With no set support for 2017, Hoeft quickly worked to build some sort of program with the Fasthouse brand for his rookie season in Supercross. "I had talked to Kenny Alexander [Fasthouse owner] about doing something for Supercross, just for the West Coast, but with the budget and how much it would have cost, it was too expensive to go racing that soon," Hoeft says. Later came an opportunity with the newly formed IB Corp/Ryno Power Racing team, but things did not pan out for the full season. "I tested with them in December, right before the start of the season. They told me that they didn't have the budget for another rider, but halfway through one rider [Martin Castelo] got sent back to Ecuador, so they called me again."

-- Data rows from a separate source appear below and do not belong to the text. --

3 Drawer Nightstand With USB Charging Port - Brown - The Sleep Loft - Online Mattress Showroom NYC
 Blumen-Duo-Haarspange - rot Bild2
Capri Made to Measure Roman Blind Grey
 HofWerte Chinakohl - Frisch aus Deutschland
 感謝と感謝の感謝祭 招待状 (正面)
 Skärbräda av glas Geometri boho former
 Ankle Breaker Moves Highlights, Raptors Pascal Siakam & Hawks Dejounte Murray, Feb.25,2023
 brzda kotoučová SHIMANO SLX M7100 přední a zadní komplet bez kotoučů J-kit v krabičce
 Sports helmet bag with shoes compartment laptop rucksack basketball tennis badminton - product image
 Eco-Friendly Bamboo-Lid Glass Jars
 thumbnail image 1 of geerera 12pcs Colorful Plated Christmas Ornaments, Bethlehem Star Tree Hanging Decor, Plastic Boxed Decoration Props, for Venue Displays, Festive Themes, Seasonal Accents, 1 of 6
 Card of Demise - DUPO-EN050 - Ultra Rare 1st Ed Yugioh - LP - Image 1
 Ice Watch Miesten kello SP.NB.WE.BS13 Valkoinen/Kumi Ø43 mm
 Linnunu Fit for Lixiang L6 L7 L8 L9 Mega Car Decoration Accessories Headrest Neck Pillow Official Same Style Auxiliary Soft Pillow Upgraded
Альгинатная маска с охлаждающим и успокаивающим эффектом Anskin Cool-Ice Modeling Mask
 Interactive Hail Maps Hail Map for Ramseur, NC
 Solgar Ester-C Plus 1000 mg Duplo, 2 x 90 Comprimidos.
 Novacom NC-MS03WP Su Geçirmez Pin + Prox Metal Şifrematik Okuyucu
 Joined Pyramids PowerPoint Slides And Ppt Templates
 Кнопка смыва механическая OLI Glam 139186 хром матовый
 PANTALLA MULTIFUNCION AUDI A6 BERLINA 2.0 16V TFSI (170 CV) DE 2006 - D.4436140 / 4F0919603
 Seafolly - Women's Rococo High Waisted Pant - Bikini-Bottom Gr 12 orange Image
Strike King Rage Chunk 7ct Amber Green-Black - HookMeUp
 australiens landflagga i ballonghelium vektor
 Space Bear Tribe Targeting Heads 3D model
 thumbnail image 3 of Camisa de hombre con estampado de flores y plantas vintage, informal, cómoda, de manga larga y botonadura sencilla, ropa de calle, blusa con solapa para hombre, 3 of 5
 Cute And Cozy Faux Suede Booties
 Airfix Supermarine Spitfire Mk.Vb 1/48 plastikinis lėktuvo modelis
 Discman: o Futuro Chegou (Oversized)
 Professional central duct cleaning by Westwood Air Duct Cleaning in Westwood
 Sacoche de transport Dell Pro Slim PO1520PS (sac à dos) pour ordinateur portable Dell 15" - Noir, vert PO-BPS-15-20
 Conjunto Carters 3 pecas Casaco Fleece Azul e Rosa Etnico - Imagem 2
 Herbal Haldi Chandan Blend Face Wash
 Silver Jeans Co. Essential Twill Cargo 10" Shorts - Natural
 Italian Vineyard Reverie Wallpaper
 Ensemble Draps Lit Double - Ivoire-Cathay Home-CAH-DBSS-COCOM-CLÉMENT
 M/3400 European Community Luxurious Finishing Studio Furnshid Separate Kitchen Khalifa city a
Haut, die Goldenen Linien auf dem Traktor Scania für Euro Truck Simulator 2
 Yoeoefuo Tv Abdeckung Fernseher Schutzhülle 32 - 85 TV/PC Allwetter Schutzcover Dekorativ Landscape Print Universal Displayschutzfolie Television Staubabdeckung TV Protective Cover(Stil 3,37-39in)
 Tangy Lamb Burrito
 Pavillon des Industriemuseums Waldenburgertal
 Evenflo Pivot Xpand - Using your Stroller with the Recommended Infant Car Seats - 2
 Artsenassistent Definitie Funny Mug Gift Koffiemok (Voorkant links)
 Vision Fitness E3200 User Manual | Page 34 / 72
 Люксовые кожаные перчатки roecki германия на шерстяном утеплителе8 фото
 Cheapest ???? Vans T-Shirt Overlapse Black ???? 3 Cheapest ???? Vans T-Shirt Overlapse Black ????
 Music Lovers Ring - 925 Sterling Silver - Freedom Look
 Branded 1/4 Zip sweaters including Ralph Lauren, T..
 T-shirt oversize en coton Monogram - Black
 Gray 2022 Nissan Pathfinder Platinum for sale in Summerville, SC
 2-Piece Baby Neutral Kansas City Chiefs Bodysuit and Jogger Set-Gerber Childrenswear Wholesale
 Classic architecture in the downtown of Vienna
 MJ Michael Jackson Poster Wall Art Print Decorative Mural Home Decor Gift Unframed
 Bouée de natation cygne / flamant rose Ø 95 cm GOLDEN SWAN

Hoeft lined up at four rounds of the 250 West Coast region of the 2017 Monster Energy Supercross Series, with a 10th-place finish at Seattle being the highlight of the run, remarkable results for the limited time the rider, team, and trainer Ryan Hughes were able to put in prior to the first gate drop. "I thought that I was going to do better near the end of the season, but I had a couple of falls that screwed me up. It was a great rookie season even though I came in a few rounds late," Hoeft shares. "I think Ryan Hughes was the reason I picked up Supercross and progressed through each round. He is an awesome, trainer and everything we did helped tremendously. I had the time of my life riding with them for Supercross."

When Supercross wrapped up, Hoeft was again without a team, so he again went to work with Alexander and Fasthouse for a one-race deal. The duo decided to line up for the second round of the of 2017 Lucas Oil Pro Motocross Championship in the 450 class at Glen Helen aboard a competitive bike borrowed from Manny Gasper. "Everyone at the pit was stoked, and my dad came to the starting line with me, which was rad because we hadn't done that since I was 14," Hoeft says. "It was a little nerve-racking to line up with the best riders and that had my heart pumping. I felt like I rode really well, even if I was tentative in the first few laps. My endurance was good and everything thing seemed to work, and I was having fun." Hoeft battled with factory riders throughout the day to claim 11-14 moto scores and 14th overall for the day, a feat that surprised many in the pits.

For now, Hoeft is in search of some sort of support for 2018. His finishes through Supercross and Glen Helen reportedly have him on the radar for some teams, and it will be interesting to see if he lands somewhere for his sophomore season. "My goal is to be back on a factory team. That's what I've worked towards since coming back, but it's taking time," Hoeft says. "I like to have fun, but I put the work in to be in the best position that I can be. I'm getting older and more mature, which I think has a lot to do with it. I think that right now is my time and I'll keep going."

With support from 51FIFTY Energy Yamaha, Hoeft raced the 2017 Washougal MX round of the 2017 Lucas Oil Pro Motocross Championship and the 2017 TransWorld SLAM Pro Race, where he claimed a moto win and finished third overall.